MySQL query puzzle - finding what WOULD have been the most recent date
- by Hank
I've looked all over and haven't yet found an intelligent way to handle this, though I feel sure one is possible:
One table of historical data has quarterly information:
CREATE TABLE Quarterly (
unique_ID INT UNSIGNED NOT NULL,
date_posted DATE NOT NULL,
datasource TINYINT UNSIGNED NOT NULL,
data FLOAT NOT NULL,
PRIMARY KEY (unique_ID));
Another table of historical data (which is very large) contains daily information:
CREATE TABLE Daily (
unique_ID INT UNSIGNED NOT NULL,
date_posted DATE NOT NULL,
datasource TINYINT UNSIGNED NOT NULL,
data FLOAT NOT NULL,
qtr_ID INT UNSIGNED,
PRIMARY KEY (unique_ID));
The qtr_ID field is not part of the feed of daily data that populated the database - instead, I need to retroactively populate the qtr_ID field in the Daily table with the Quarterly.unique_ID row ID, using what would have been the most recent quarterly data on that Daily.date_posted for that data source.

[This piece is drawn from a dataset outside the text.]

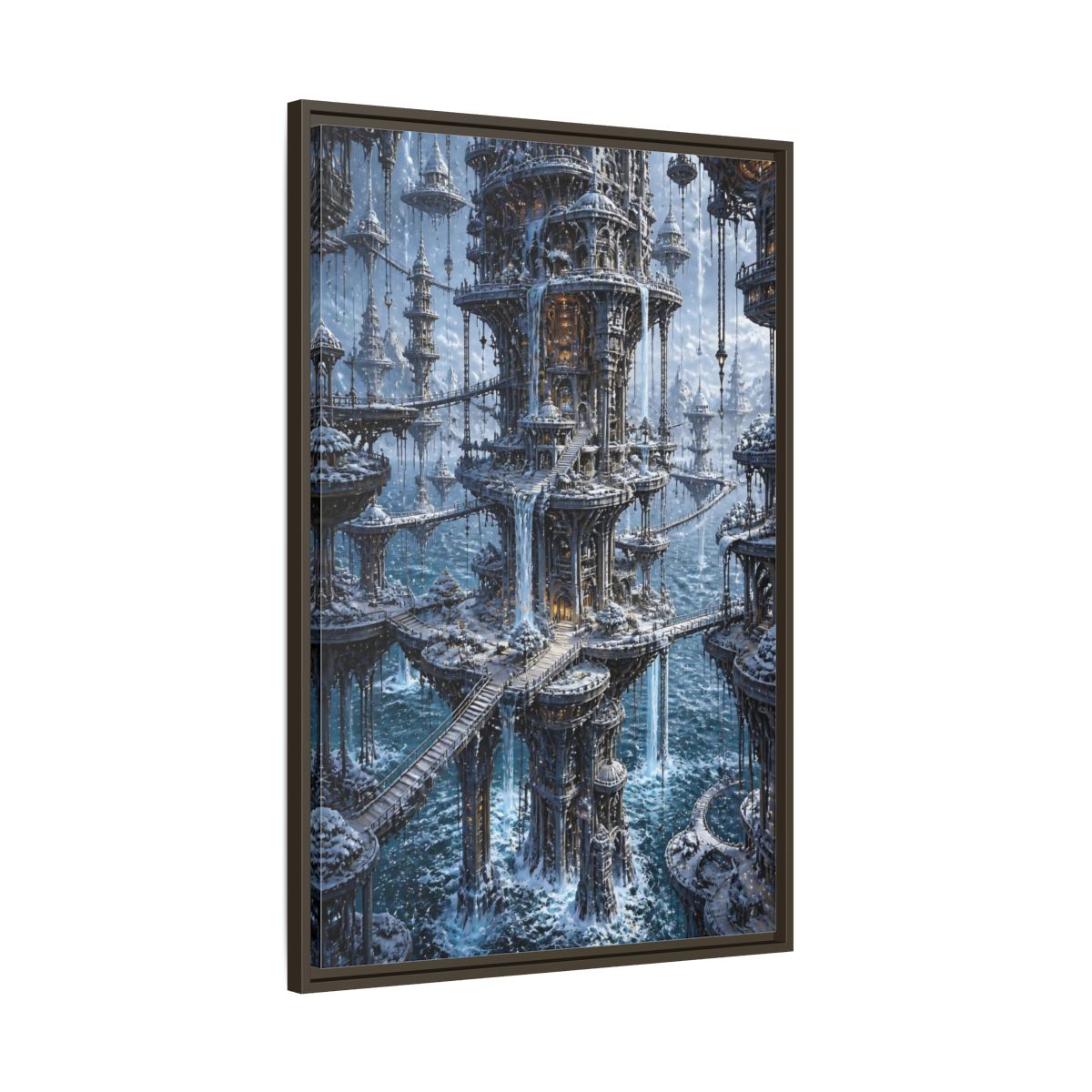 Main Mockup. Detailed Floating Tower City shown as framed canvas print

For example, if the quarterly data is
101 2009-03-31 1 4.5
102 2009-06-30 1 4.4
103 2009-03-31 2 7.6
104 2009-06-30 2 7.7
105 2009-09-30 1 4.7
and the daily data is
1001 2009-07-14 1 3.5 ??
1002 2009-07-15 1 3.4 &&
1003 2009-07-14 2 2.3 ^^
then we would want the ?? qtr_ID field to be assigned '102' as the most recent quarter for that data source on that date, and && would also be '102', and ^^ would be '104'.
The challenges include that both tables (particularly the daily table) are actually very large, they can't be normalized to get rid of the repetitive dates or otherwise optimized, and for certain daily entries there is no preceding quarterly entry.
I have tried a variety of joins, using datediff (where the challenge is finding the minimum value of datediff greater than zero), and other attempts but nothing is working for me - usually my syntax is breaking somewhere. Any ideas welcome - I'll execute any basic ideas or concepts and report back.